Replaced and Surrounded: How Liberal Ottawa Is Letting Washington Make Canada Optional

Washington is playing grand-strategy chess with real assets. Ottawa is still writing mood boards. In a two-and-a-half-hour raid last week, the United States removed Nicolás Maduro from power; in the days since, it has moved to put Venezuela’s oil under U.S. supervision and started planning how millions of barrels of heavy crude will be sold and routed in ways that serve American interests first.

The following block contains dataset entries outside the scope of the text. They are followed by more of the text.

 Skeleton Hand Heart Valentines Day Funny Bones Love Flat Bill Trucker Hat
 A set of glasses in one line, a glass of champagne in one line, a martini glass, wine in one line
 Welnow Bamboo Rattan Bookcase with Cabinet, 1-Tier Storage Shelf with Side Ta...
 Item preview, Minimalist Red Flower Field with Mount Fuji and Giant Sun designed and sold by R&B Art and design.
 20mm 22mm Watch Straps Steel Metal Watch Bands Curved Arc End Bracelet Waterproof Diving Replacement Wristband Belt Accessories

On top of that, Trump is once again saying, out loud, that Greenland will “become part of the U.S.” in his second term, treating an Arctic territory across from Canada’s North like a real-estate problem waiting to be solved.

Canada, meanwhile, remains welded to the role of reliable supplier and polite neighbour, governed by Liberals who talk about “economic security” like it’s a branding exercise. Mark Carney’s government inherited a fragile, underperforming economy and a dangerous over-reliance on the U.S. market, then walked straight into a Trump trade and resource shock without a real contingency plan. The uncomfortable truth is simple: Washington already behaves like Canada is optional, and every Venezuelan barrel and Arctic power play just pushes us further down the list of countries it needs to care about.

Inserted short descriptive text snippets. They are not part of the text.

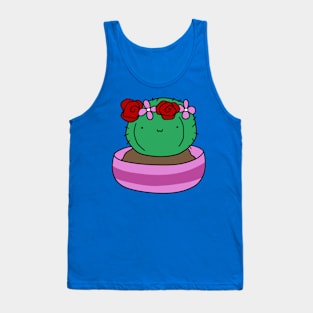 Little Cactus Wearing a Flower Crown Tank Top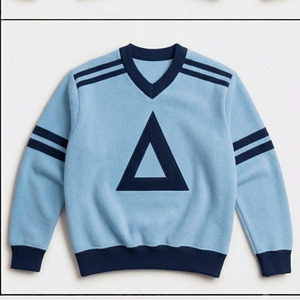 Men's <b>Light</b> Blue V Neck Knit Sweater With Navy <b>Triangle</b> Applique Regular Fit Pullover Preppy Style Autumn Wear - Product Image 1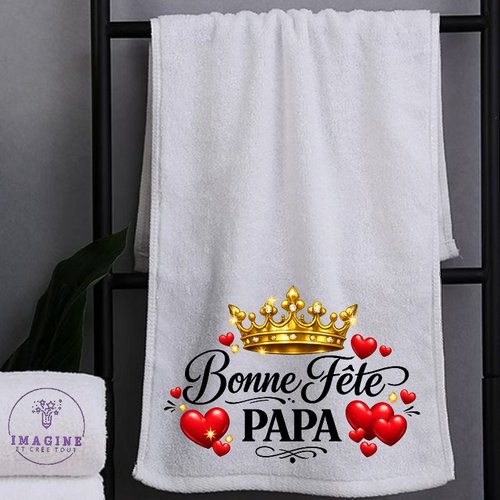 Petite serviette personnalisée pour le visage - sublimation - infusible ink - impression - bonne fête papa - father's day - cœur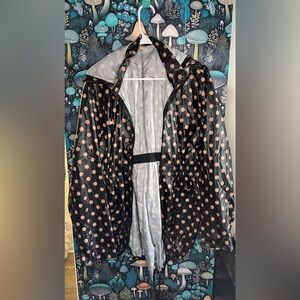 Meavor Essentials Black and Tan Polka Dot Rain Jacket with hood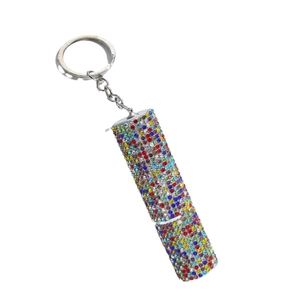 Sparkling crystal rhinestone perfume bottle keychain accessory for women with luxury finish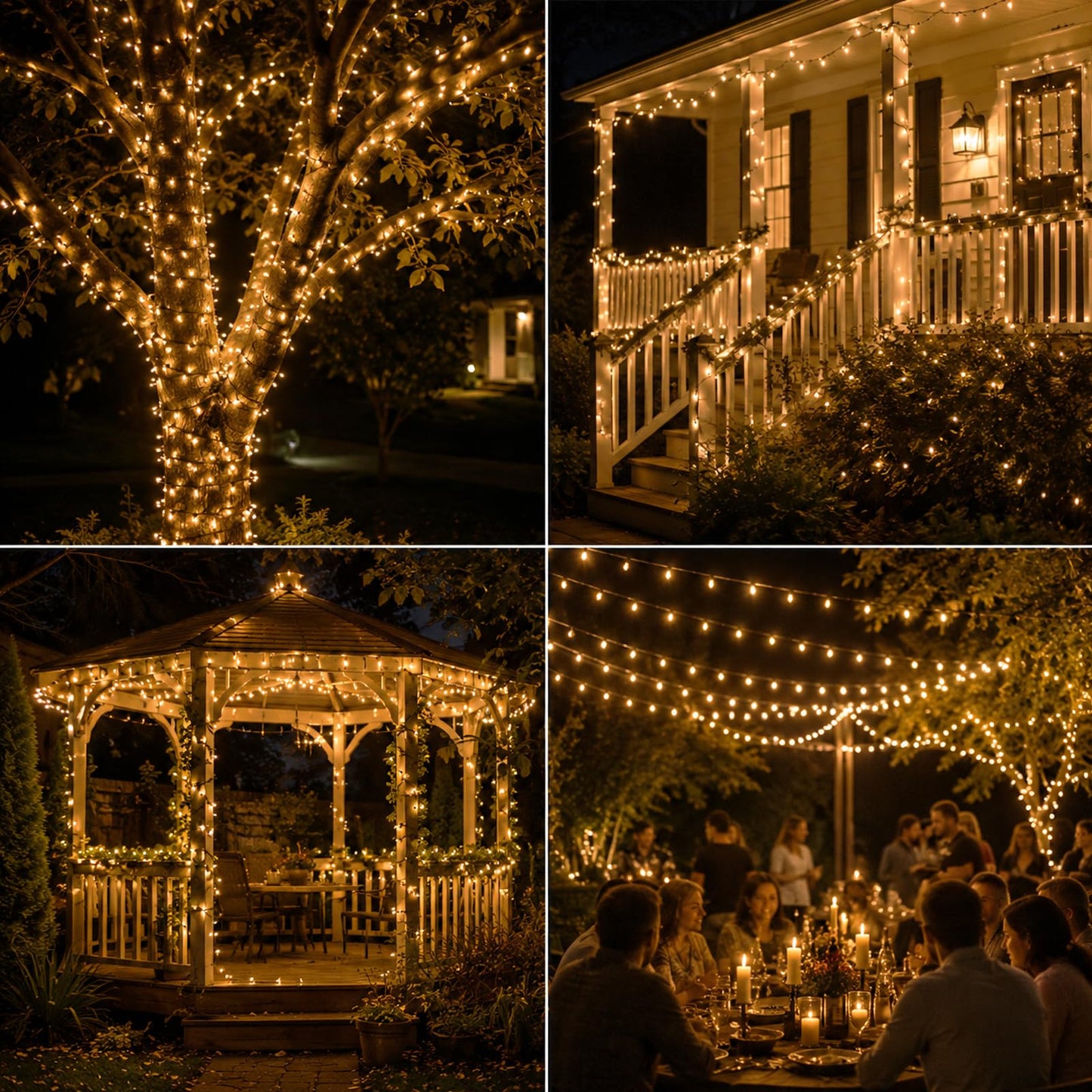 Afirst Brown String Lights, 21ft 100 Count Mini String Light on Brown Wire Cord UL Approved, Connectable Outdoor String Lights for Xmas Patio Home Party Garden Decor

Under any serious government, that would trigger a national security rethink. Under this one, it triggers another taxpayer-funded trade mission and a glossy PDF.

The Venezuela Shock: Washington Builds a Spare Alberta

Venezuela’s Orinoco Belt holds some of the largest extra-heavy oil reserves on Earth, in the same category as Canada’s oil sands. Analysts have been saying for years that this crude is heavy, sour and tailor-made for U.S. Gulf Coast refineries in almost the same way Western Canadian Select is. That was an abstract competition when Venezuela’s industry was crippled by mismanagement and sanctions. It is not abstract anymore.

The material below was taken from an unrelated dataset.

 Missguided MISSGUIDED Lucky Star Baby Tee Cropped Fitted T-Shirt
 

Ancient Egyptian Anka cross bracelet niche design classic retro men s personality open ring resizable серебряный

After a U.S. military strike captured Nicolás Maduro and effectively decapitated his regime, the White House immediately moved to put Venezuelan oil under American guidance. Trump and his energy team are openly pushing U.S. majors to revive production in fields that once shipped more than a million barrels per day, and to redirect up to 50 million barrels of Venezuelan crude to U.S. refineries as part of his “drill, baby, drill” crusade. Gulf refiners like it because they get the heavy feedstock they were built for; the administration likes it because it reduces any future dependence on anyone else, including Canada.

Industry commentary is already spelling out the obvious: more Venezuelan heavy crude under U.S. control means more supply into the very refineries that already buy Canadian heavy at a steep discount. Gulf Coast plants have no reason to bid up Western Canadian Select when Washington is handing them alternative heavy barrels it can route by tanker straight into the Gulf. When your only real customer starts building a second supplier that looks geologically like you but comes with more political leverage on their side, that is not “competition,” that is your leverage being euthanised.

The Carney Liberals’ response so far has been textbook managerialism: acknowledge “volatility,” praise Canada’s “stability,” and point to long-term projects and ESG credentials. It is the language of a boardroom memo, not a country that just watched the Americans build a spare Alberta in the tropics.

Canada’s One-Customer Addiction in a Trade-War World

Strip away the rhetoric and look at the numbers. Canada is one of the world’s top crude oil exporters, and in 2023 a full 97 per cent of those crude exports went to the United States. Almost all of the new barrels that came online in 2024 and 2025 still flowed into the same system. Oil is not just another export; it is the backbone of our trade balance with the U.S. and a core support for federal and provincial revenues. When Washington sneezes, Ottawa doesn’t just catch a cold; it catches a revenue crisis.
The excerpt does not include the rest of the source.